Wijzigingsbevoegdheid
Een aantal bestemmingsartikelen is aangevuld met een wijzigingsbevoegdheid t.a.v. bepaalde functies.

7.4 Hoofdstuk 3 Van De Regels: Algemene Regels

Hoofdstuk 3 bevat de ´Algemene regels´ ten aanzien van de volgende aspecten:

Anti-dubbeltelregel

Artikel 23 bevat een algemene anti-dubbeltelregel ter voorkoming van onbedoeld gebruik van de regels.

Algemene bouwregels

Artikel 24 bevat een aantal bouwregels die algemeen toepasbaar zijn.

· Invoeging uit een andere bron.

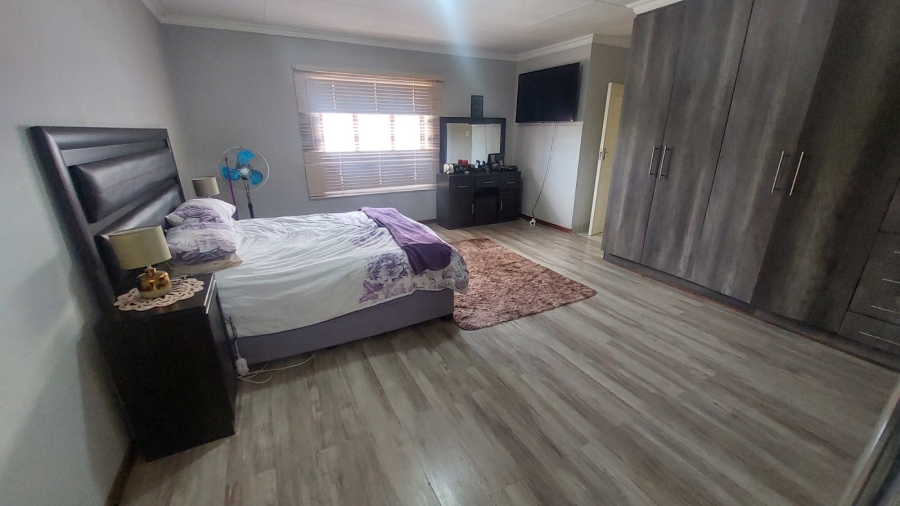 3 Bedroom Property for Sale in Greenhills Gauteng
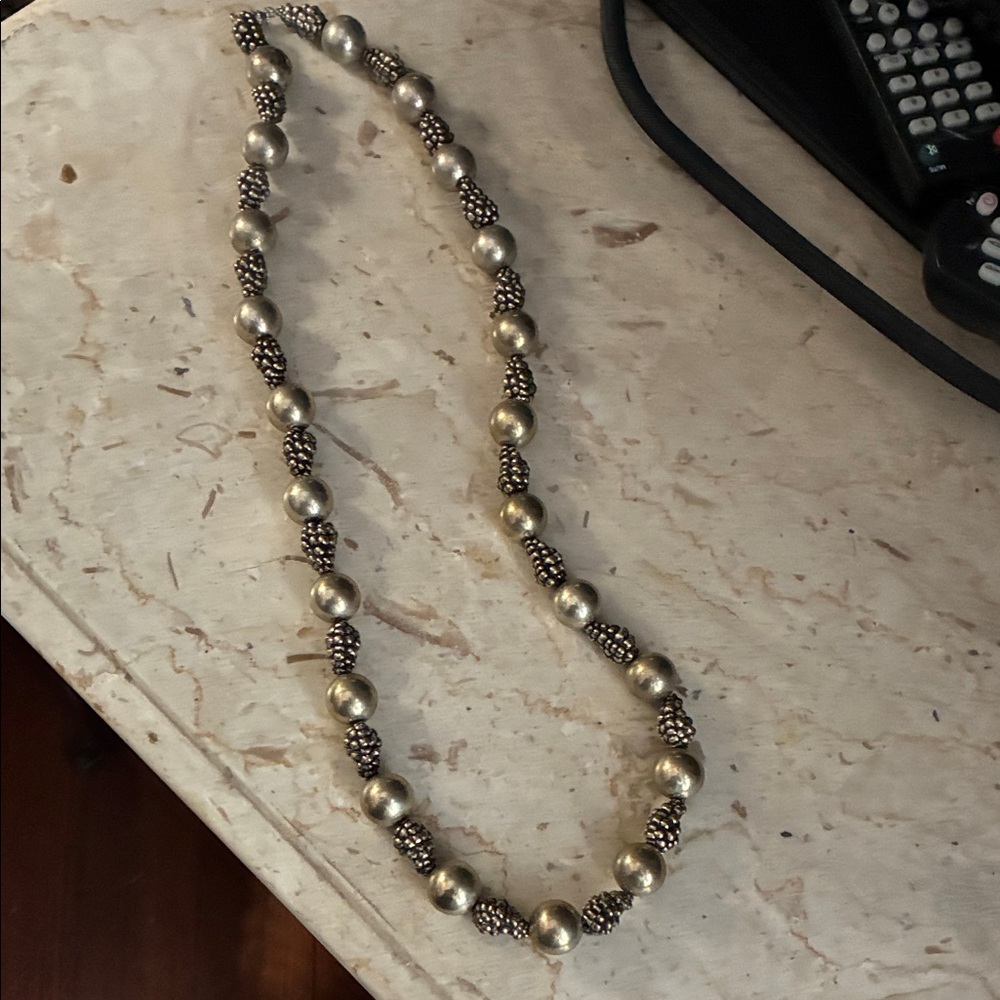 Elegant Silver tone Beaded Necklace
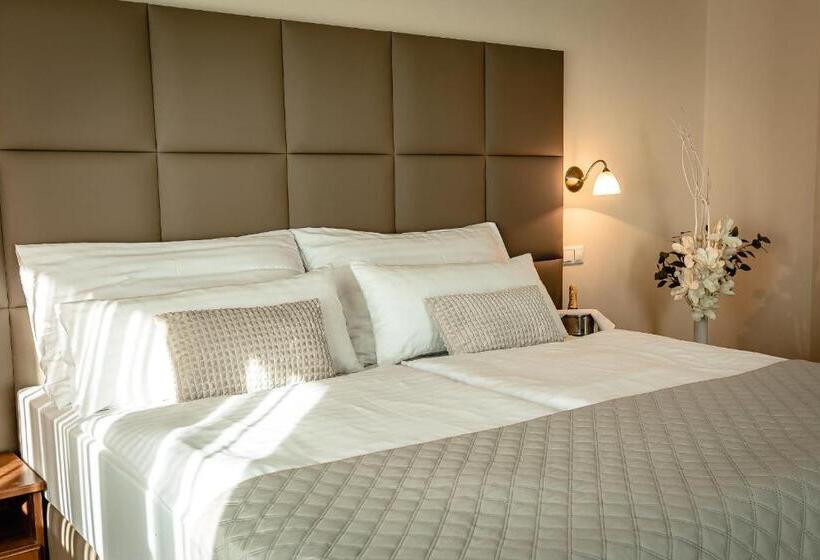 バルコニー付スイート, Dixon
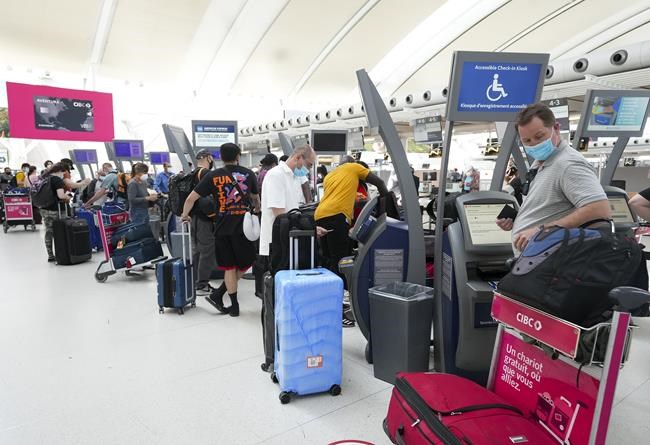 Tourism rebounding across Canada, but won't hit 2019 levels until 2023: Trade group | iNFOnews.ca
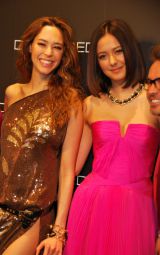 密着！ エミ・レナータの幸せウエディング。Vogue Japan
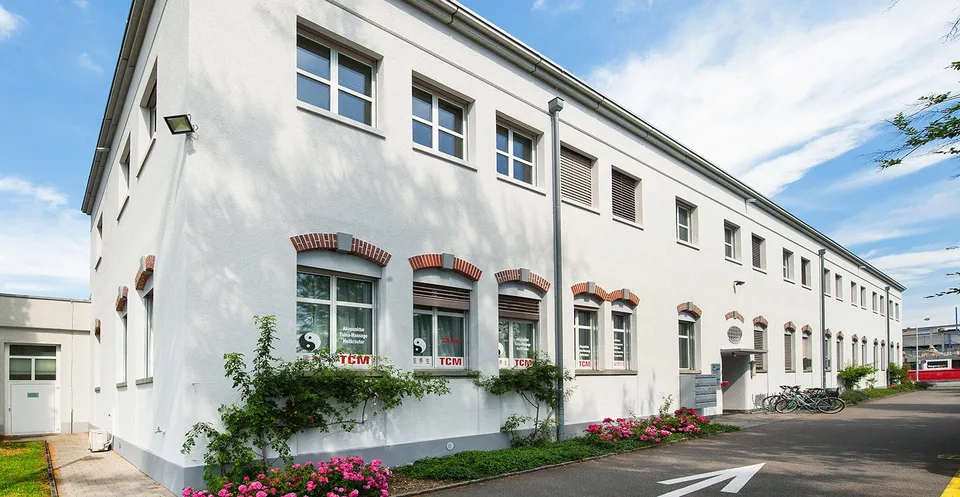 Büro-/Praxisraum im Erdgeschoss zu vermieten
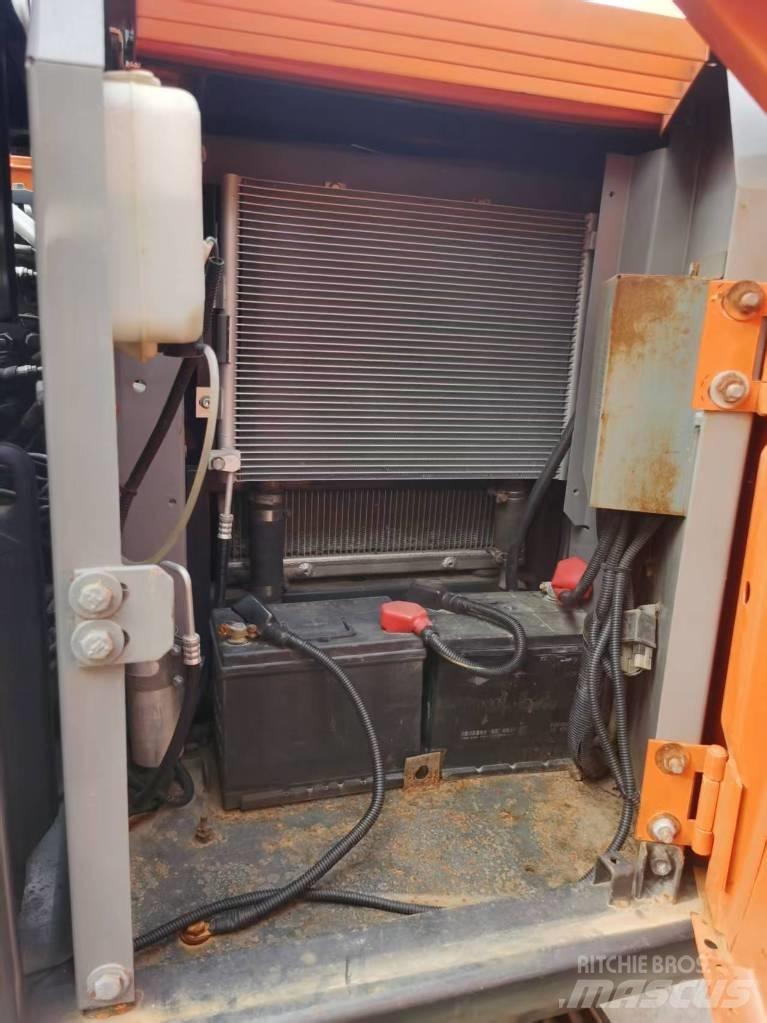 Hitachi ZX 70 Vidutinės galios ekskavatoriai 7-12 t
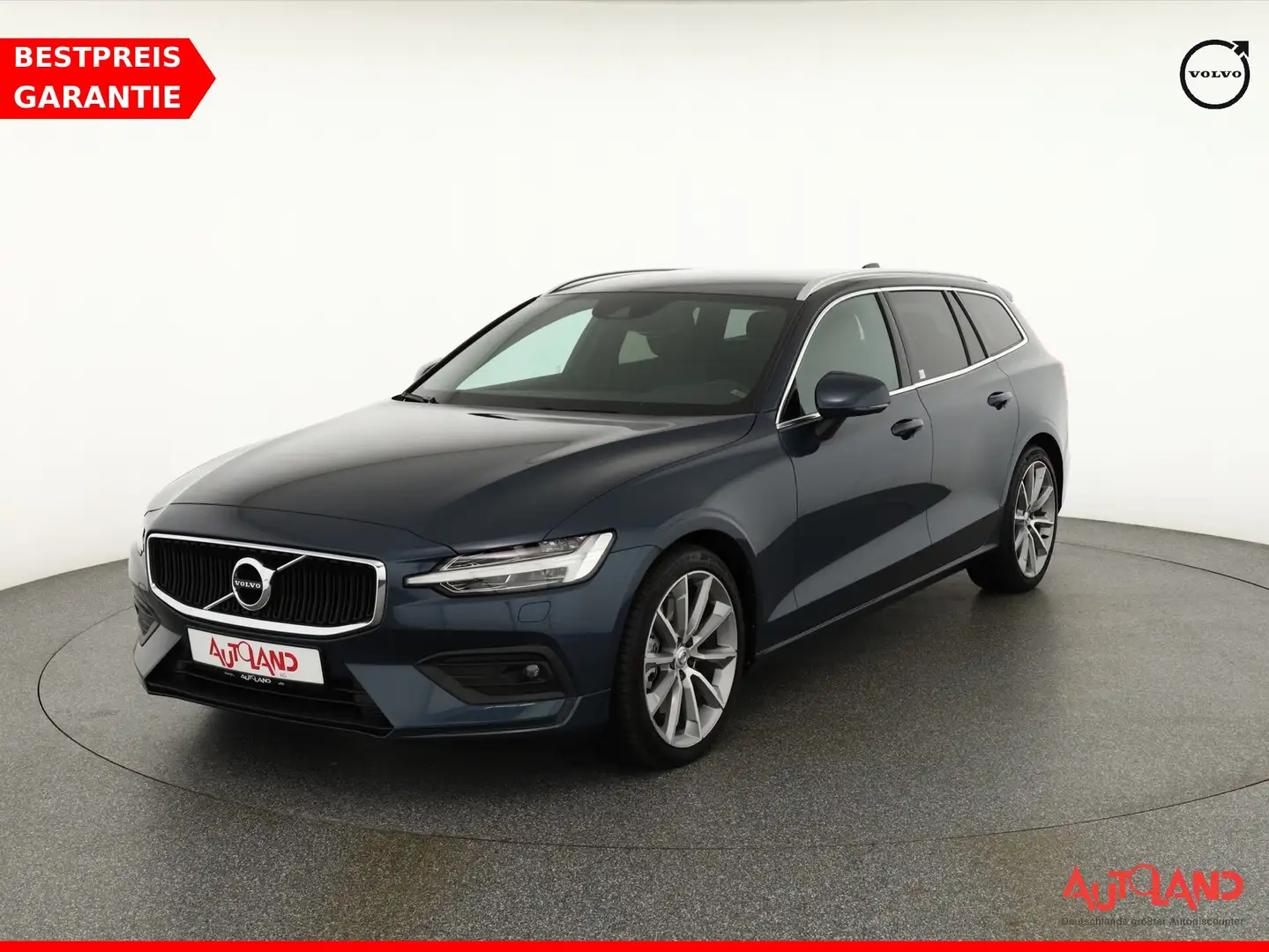 Volvo V60 Kombi 2.0 Momentum LED Navi Standheizung Blau - 1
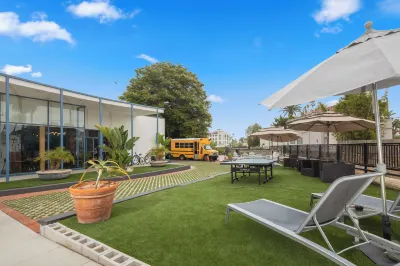ITH Santa Barbara Beach Hostel Hoteles en 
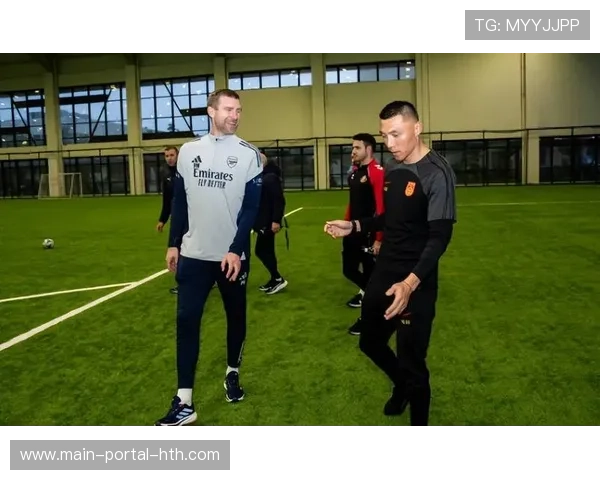 英超青训总监，人才梯队建设者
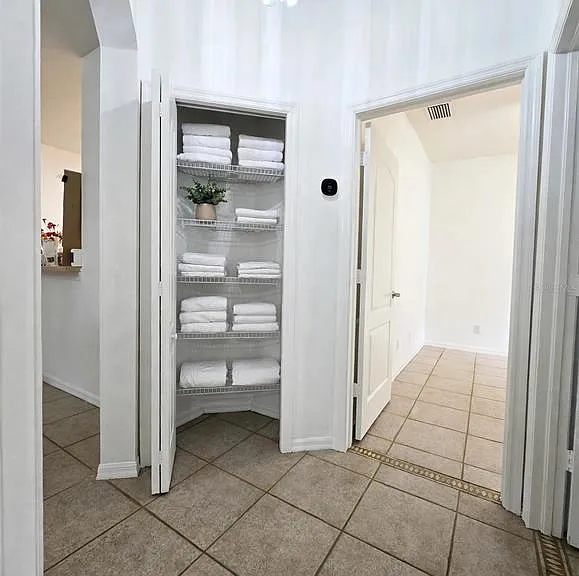 20008 Nob Oak Ave — Photo 12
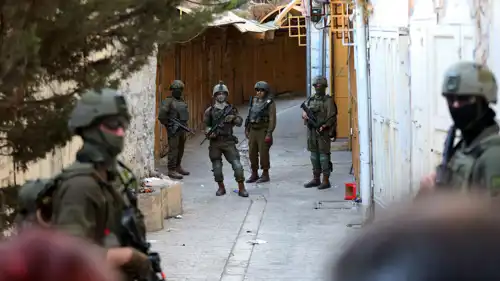 جنود إسرائيليون في الخليل بالضفة الغربية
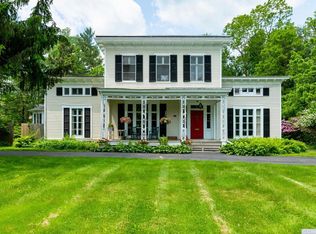 6467 Montgomery St, Rhinebeck, NY 12572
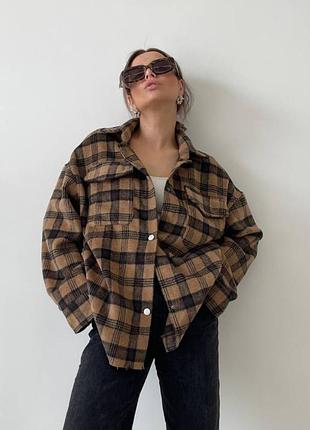 Оверсайз сорочка на кнопках вовняна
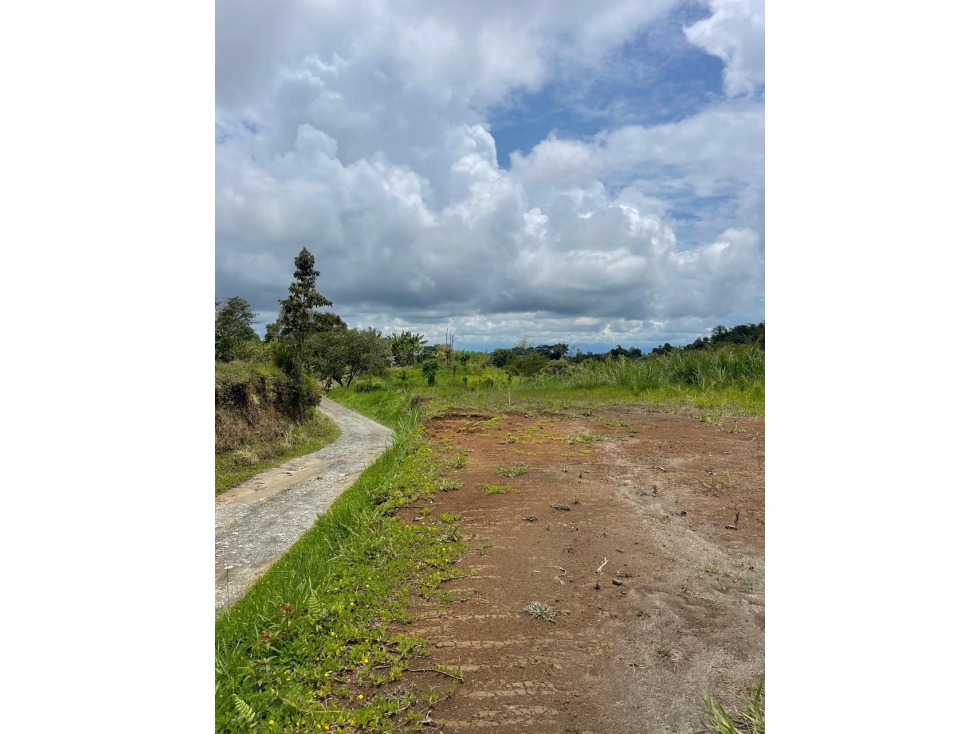 SE VENDE LOTE EN LA VEREDA EL CONGAL A PRECIO DE OPORTUNIDAD - 1
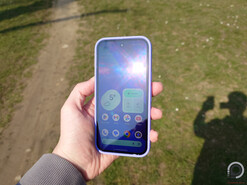 Pixel 10a a kezemben közvetlen napfény alatt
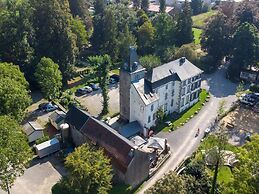 Spacious Apartment in a 16th-century Castle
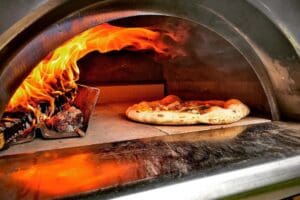 Pizza bakken in Clementi Family hout oven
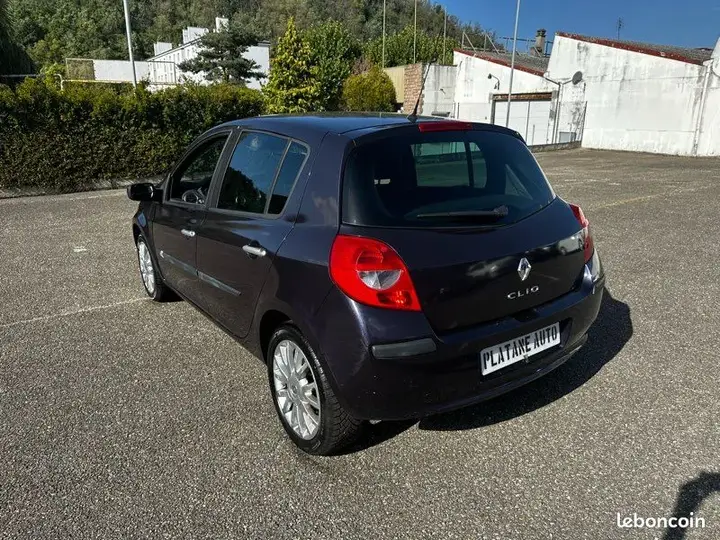 Renault Clio 2009 photo 2
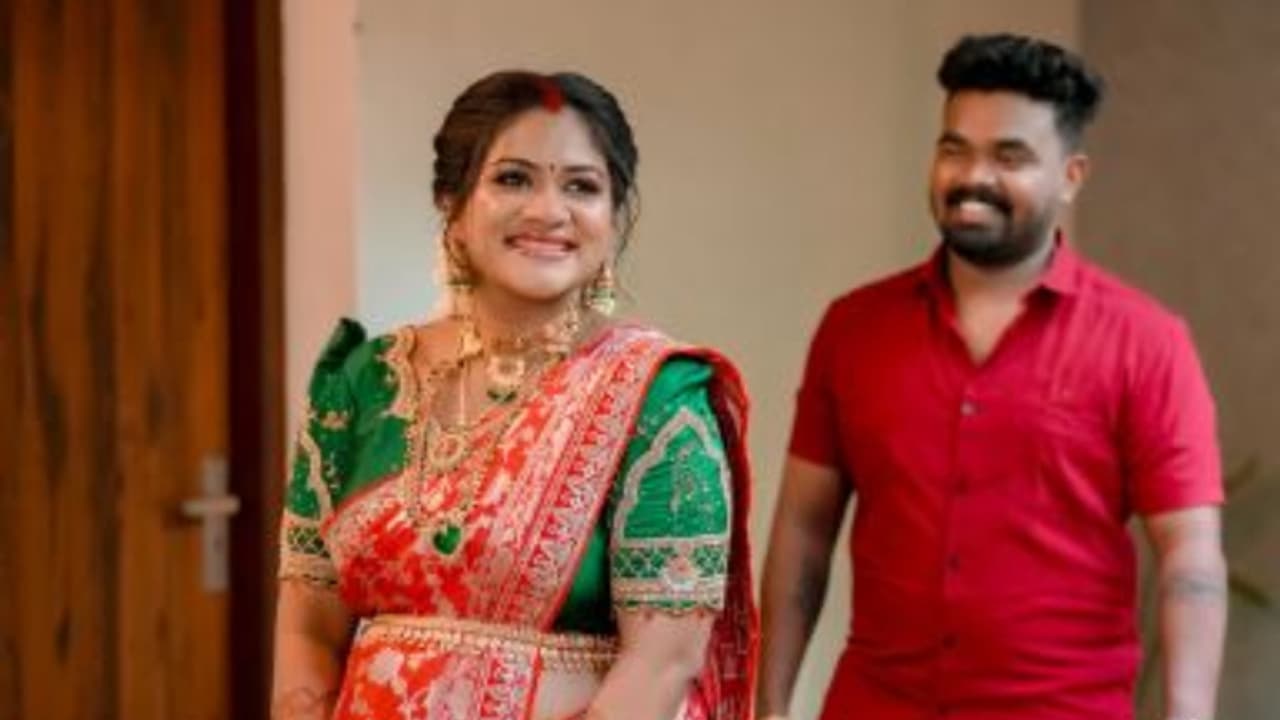 'ഞങ്ങളുടെ പ്രണയകഥയിലെ പ്രധാന അധ്യായം'; വളകാപ്പ് വിശേഷങ്ങളുമായി ആര്യ അനിൽ 'ഞങ്ങളുടെ പ്രണയകഥയിലെ പ്രധാന അധ്യായം'; വളകാപ്പ് വിശേഷങ്ങളുമായി ആര്യ അനിൽ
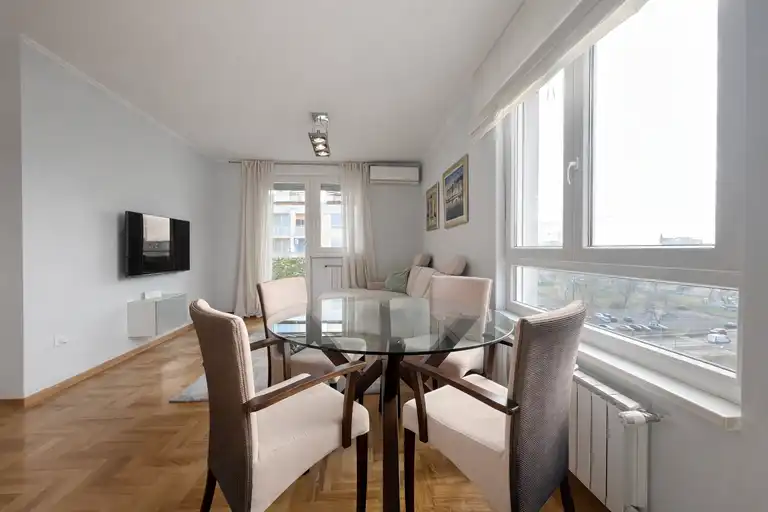 Zagabria, Folnegovićevo naselje - appartamento trilocale con posto auto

Het gaat hierbij om de regeling met betrekking tot ondergrondse bebouwing, de verhouding tussen bouwvlakken en aanduidingen, de situering van de hoofdtoegang voor woningen, een regeling voor onbebouwde terreinen bij woningen en bij overige gebouwen, een regeling t.b.v. parkeren, laden en lossen en bereikbaarheid voor gehandicapten waarvoor uiteindelijk de Bouwverordening nog van toepassing is verklaard, een regeling over de ruimte tussen gebouwen en een regeling voor het bouwen nabij op de plankaart aangeduide bomen.

Algemene gebruiksregels

In artikel 25 staat een algemene gebruiksregel, inhoudende dat het gebruik van gronden en opstallen in overeenstemming met een functie-aanduiding aangemerkt wordt als gebruik overeenkomstig de bestemming.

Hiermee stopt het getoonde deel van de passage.